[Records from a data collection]
__________________________________________________
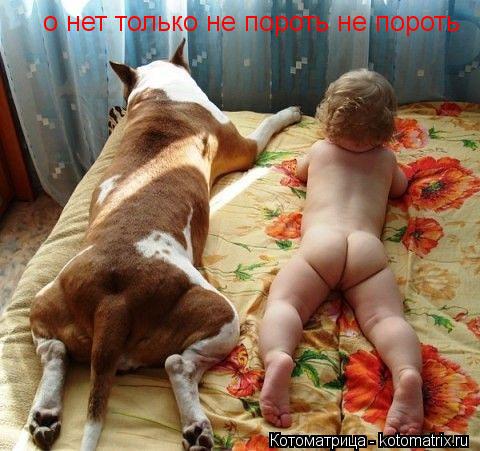 о нет только не пороть не пороть... Котоматрица: о нет только не пороть не пороть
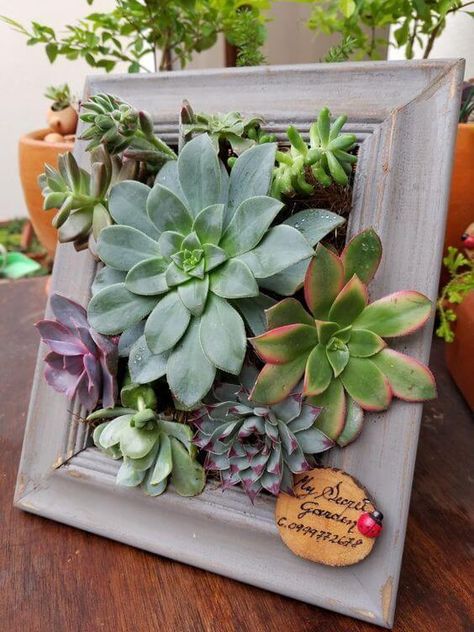 Make A Picture Frame, Cactus Leaves, Succulent Frame, Succulent Display, Succulent Wall Art, Succulent Garden Diy, Succulent Wall, Succulent Gardening, Wall Garden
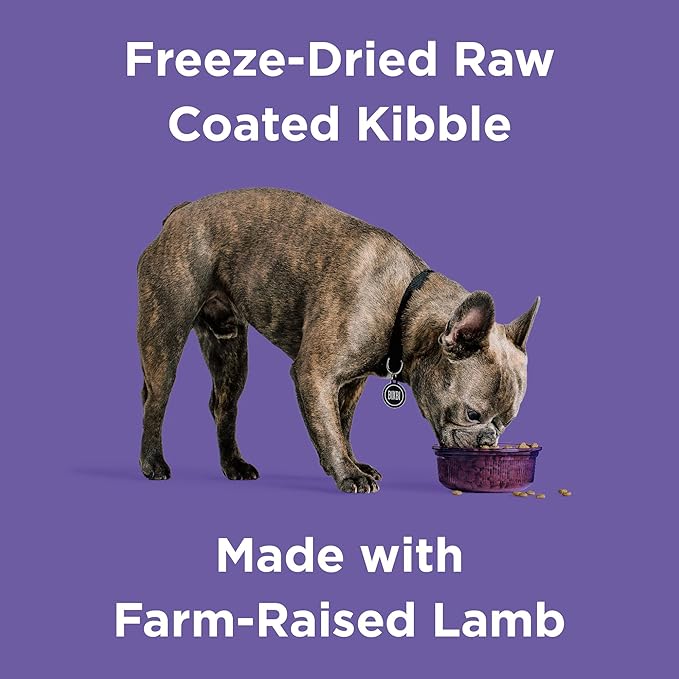 BIXBI Rawbble Dry Dog Food, Lamb, 24 lbs - USA Made with Fresh Meat - No Meat Meal & No Corn, Soy or Wheat - Freeze Dried Raw Coated Dog Food - Minimally Processed for Superior Digestibility-Mewly Pet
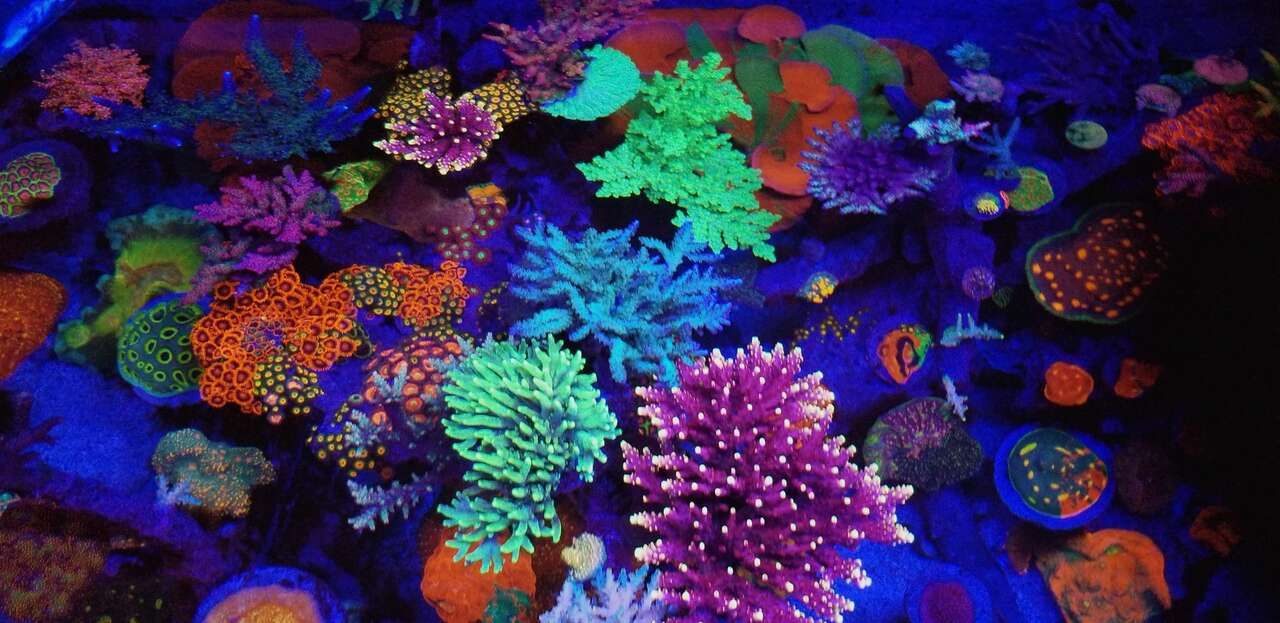 Hundreds of corals available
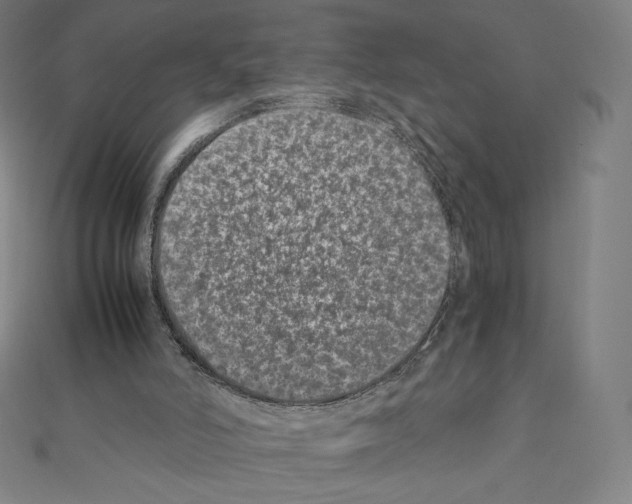 X0000111430006200908241132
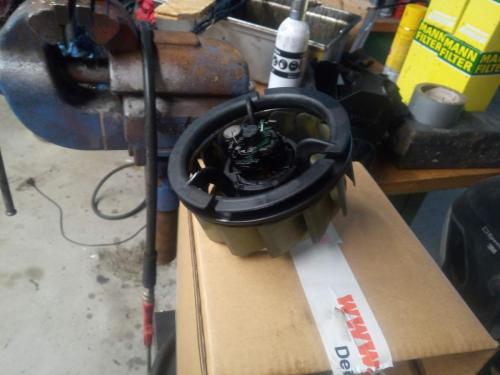 IMG_20200719_104718_6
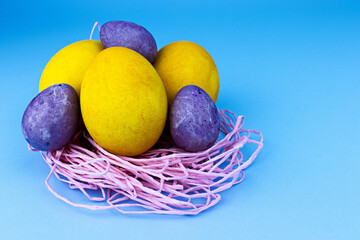 Yellow and purple easter eggs that are dyed with turmeric and hibiscus lie in a pink nest on a blue background. Natural dyes.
__________________________________________________
Brief. All preceding records should be duplicated verbatim, images excepted.

Solved exercise.
 о нет только не пороть не пороть... Котоматрица: о нет только не пороть не пороть
 Make A Picture Frame, Cactus Leaves, Succulent Frame, Succulent Display, Succulent Wall Art, Succulent Garden Diy, Succulent Wall, Succulent Gardening, Wall Garden
 BIXBI Rawbble Dry Dog Food, Lamb, 24 lbs - USA Made with Fresh Meat - No Meat Meal & No Corn, Soy or Wheat - Freeze Dried Raw Coated Dog Food - Minimally Processed for Superior Digestibility-Mewly Pet
 Hundreds of corals available
 X0000111430006200908241132
 IMG_20200719_104718_6
 Yellow and purple easter eggs that are dyed with turmeric and hibiscus lie in a pink nest on a blue background. Natural dyes.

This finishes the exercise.